====== Information provided

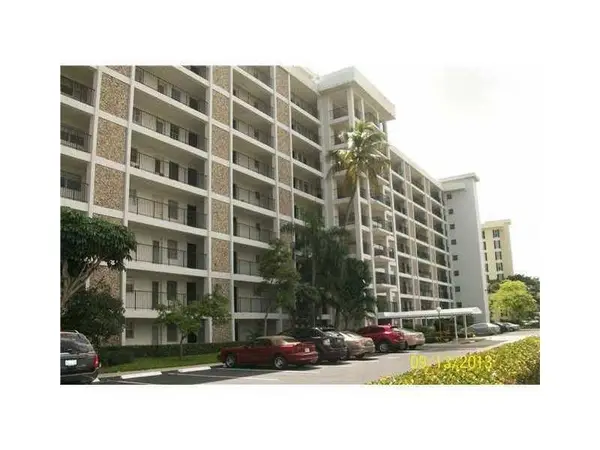 3150 N Palm Aire Drive #Unit 407, Pompano Beach, FL 33069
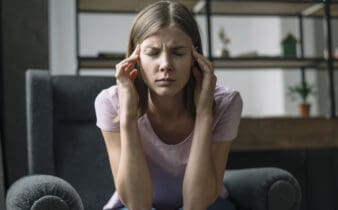 Pourquoi l'anxiété provoque des douleurs physiques ?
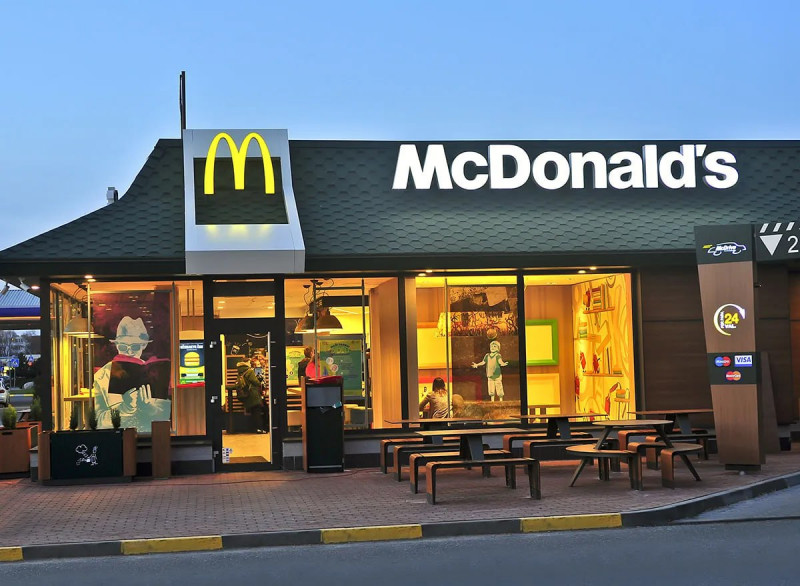 Alisher Usmonovning ukasi O‘zbekistonda McDonaldʼs fastfud tarmog‘ini ochmoqchi 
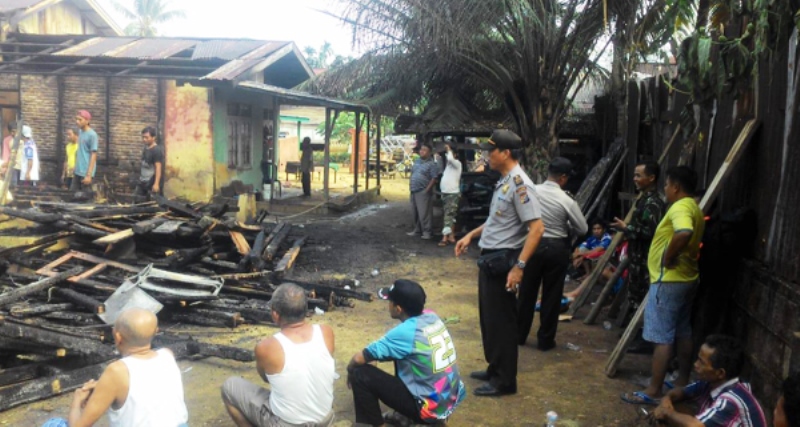 Dua Unit Rumah Warga Desa Kota Medan, Inhu Terbakar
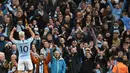 Striker Manchester City, Sergio Aguero berselebrasi usai mencetak gol ke gawang Manchester United pada lanjutan Liga Inggrid di stadion Etihad, Manchester (11/11). Sebelumnya, rambut Aguero berwarna hitam biasa. (AFP Photo/Oli Scarff)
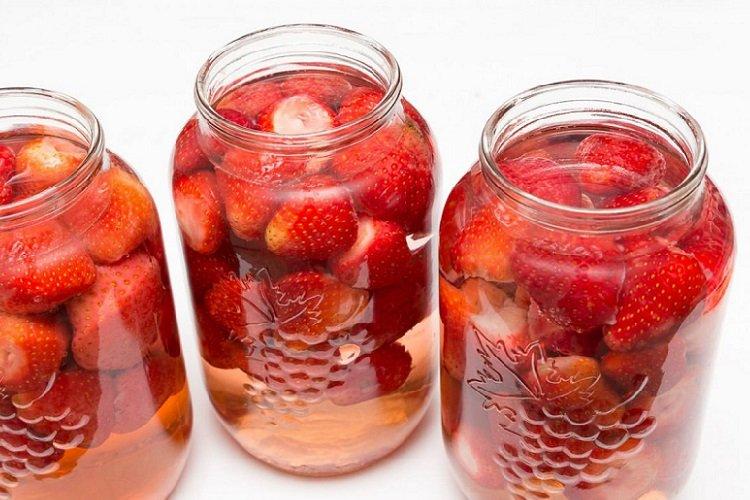 20 рецептов летнего компота из клубники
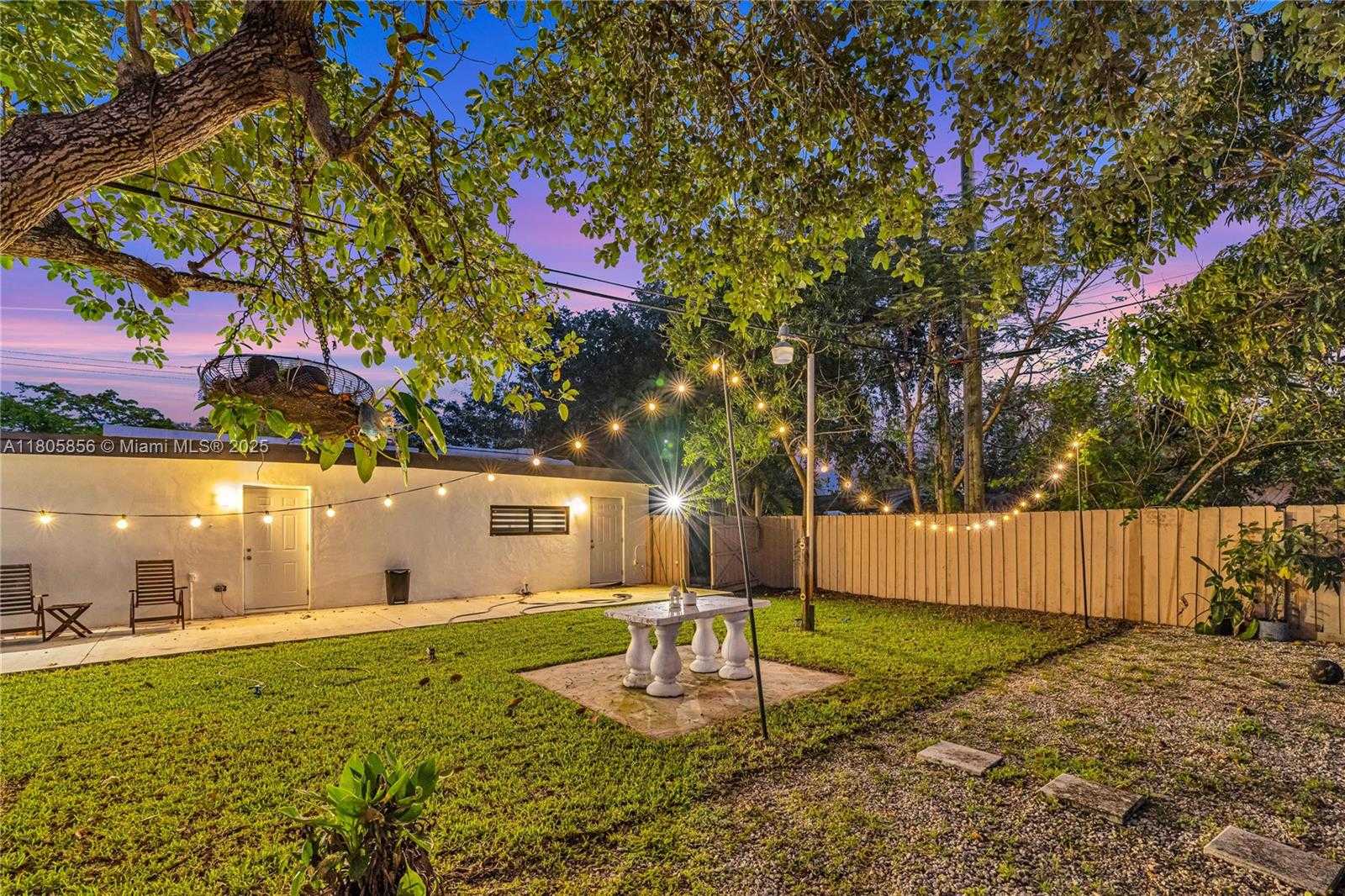 Small Image of 13550 NORTH WEST 5TH AVE, North Miami Number 5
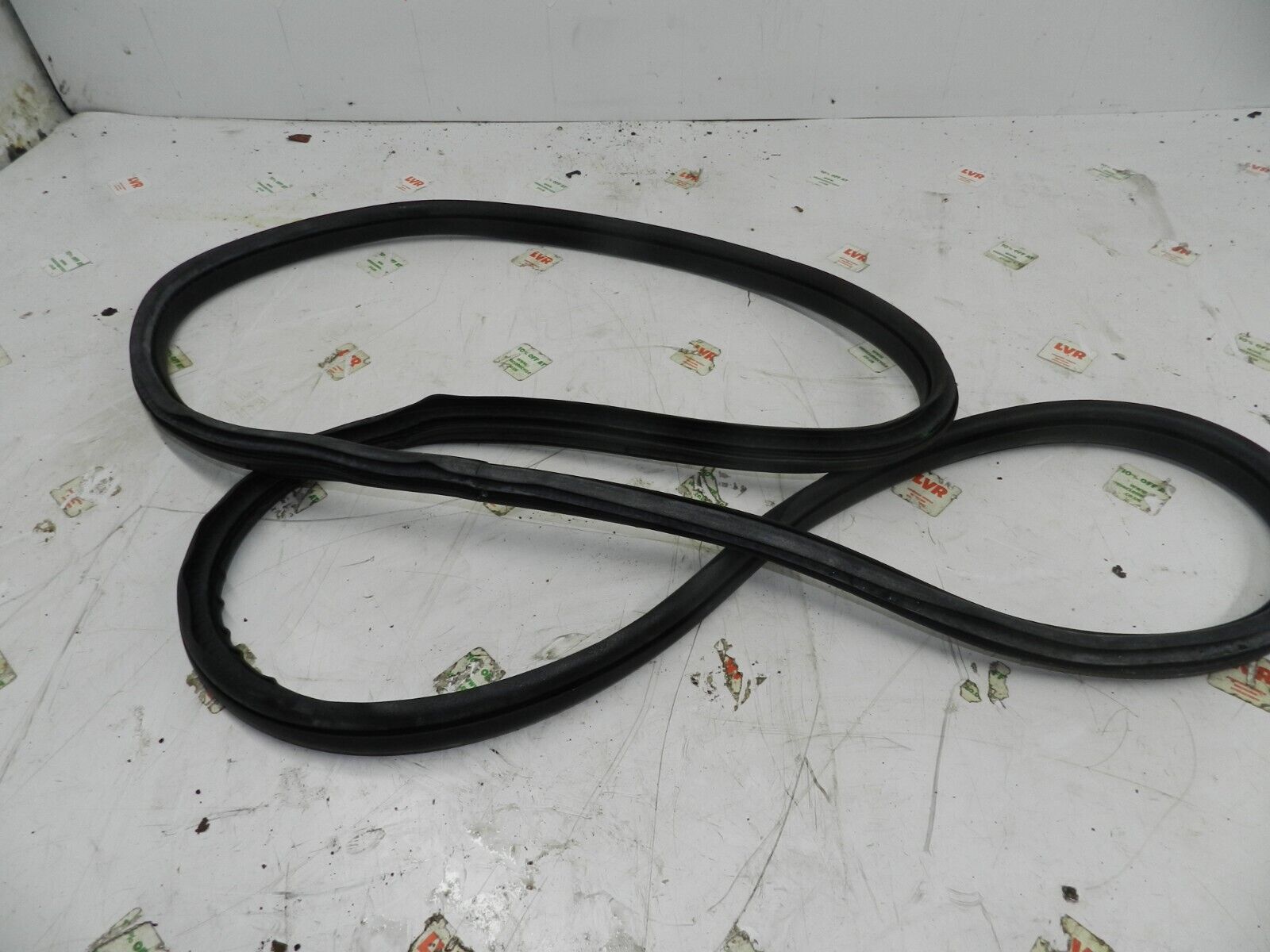 2012 CITROEN C4 VTS MK2 HATCHBACK. PASSENGER SIDE FRONT DOOR RUBBER SEAL - Image 2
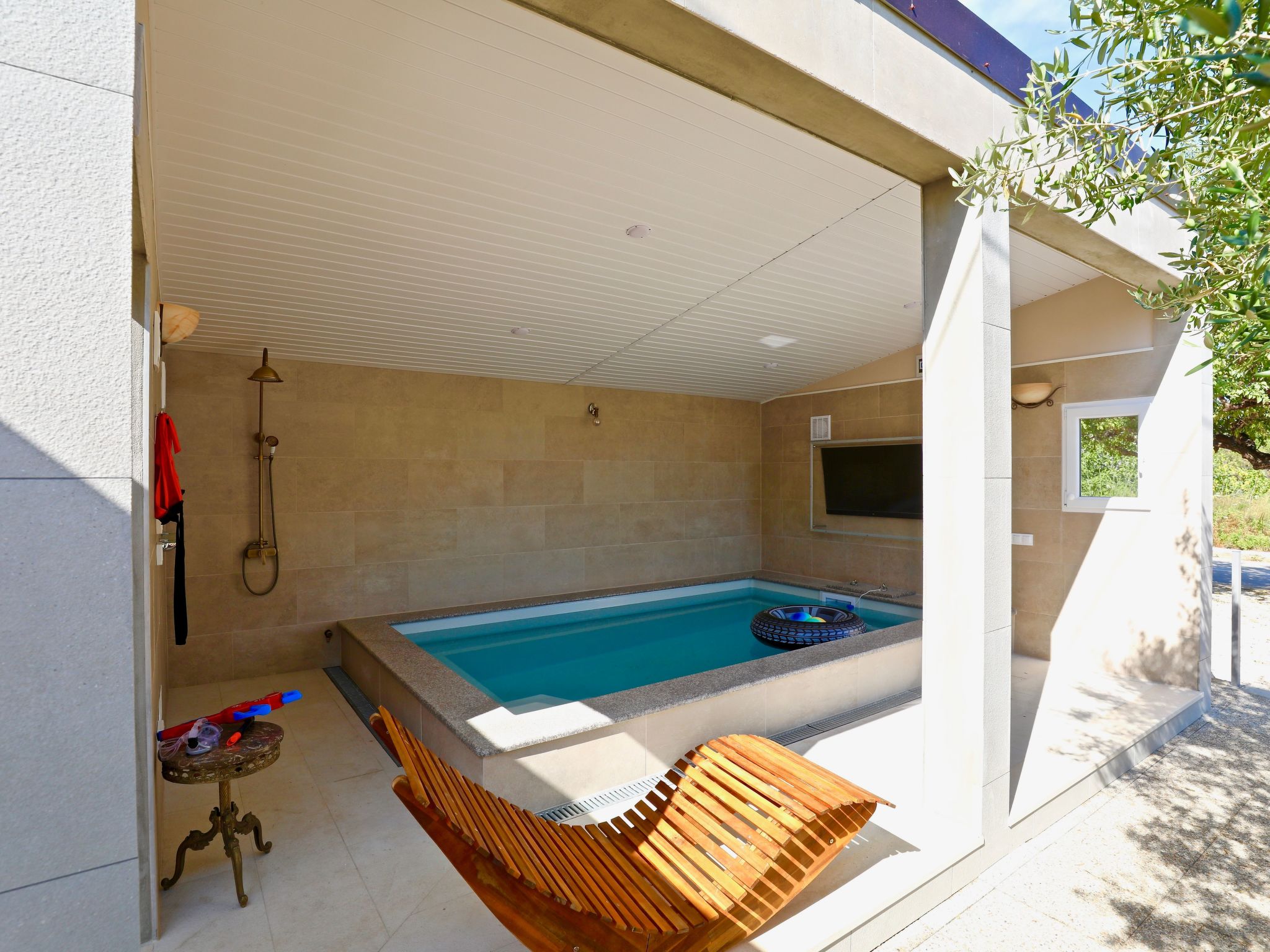 Manora Sucuraj Pool Gästehaus-Dedans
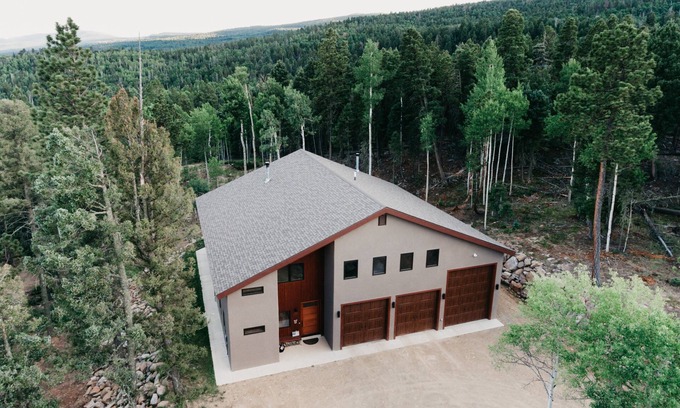 Angel Fire House | Gate Access To 1.5 million Acre Carson National Forest!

============

- Work task: Transcribe every line in the entries above, taking out only the images.

- Answer to this task:
 3150 N Palm Aire Drive #Unit 407, Pompano Beach, FL 33069
 Pourquoi l'anxiété provoque des douleurs physiques ?
 Alisher Usmonovning ukasi O‘zbekistonda McDonaldʼs fastfud tarmog‘ini ochmoqchi 
 Dua Unit Rumah Warga Desa Kota Medan, Inhu Terbakar
 Striker Manchester City, Sergio Aguero berselebrasi usai mencetak gol ke gawang Manchester United pada lanjutan Liga Inggrid di stadion Etihad, Manchester (11/11). Sebelumnya, rambut Aguero berwarna hitam biasa. (AFP Photo/Oli Scarff)
 20 рецептов летнего компота из клубники
 Small Image of 13550 NORTH WEST 5TH AVE, North Miami Number 5
 2012 CITROEN C4 VTS MK2 HATCHBACK. PASSENGER SIDE FRONT DOOR RUBBER SEAL - Image 2
 Manora Sucuraj Pool Gästehaus-Dedans
 Angel Fire House | Gate Access To 1.5 million Acre Carson National Forest!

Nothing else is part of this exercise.